Five years ago, George Bush Sr. and Brent Scowcroft wrote a book called, "The World Transformed". In these memoirs, Bush explained why he didn't try and remove Saddam Hussein from power at the end of the first Gulf War.

Bush wrote that "trying to eliminate Saddam … would have incurred incalculable human and political cost. … We were concerned about the long-term balance of power … the fate of Saddam was up to the Iraqi people … We would have been forced to occupy Baghdad and, in effect, rule Iraq … there was no viable exit strategy we could see … Furthermore, we had been consciously trying to set a pattern for handling aggression in the post-Cold War world.

Going in and occupying Iraq, thus unilaterally exceeding the United Nation's mandate, would have destroyed the precedent of international response to aggression that we hoped to establish. Had we gone the invasion route, the United States could conceivably still be an occupying power in a bitterly hostile land. It would have been a dramatically different — and perhaps barren — outcome.

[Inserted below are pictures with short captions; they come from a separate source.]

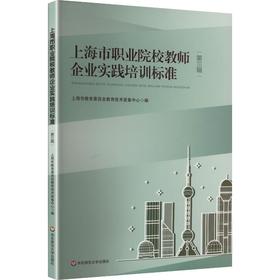 上海市职业院校教师企业实践培训标准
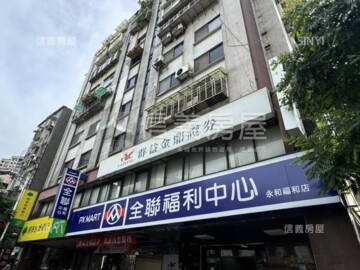 樂屋_自由扉扉待售房屋 自由扉扉待售房屋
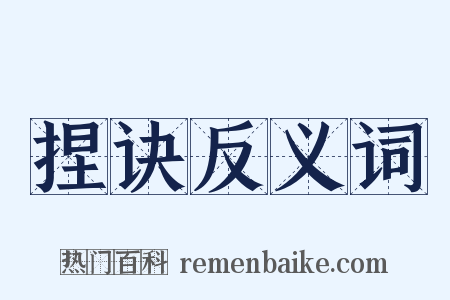 捏诀反义词是什么意思的图片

From an American foreign policy making perspective, we sought to respond in a matter which would win broad domestic support and which could be applied universally to other crises.

In international terms, we tried to establish a model for the use of force. First and foremost was the principle that aggression cannot pay."

Excerpts from G.W. Bush's book appeared in Time magazine on March 2, 1998. This article was available at the Time Web site until it was recently pulled.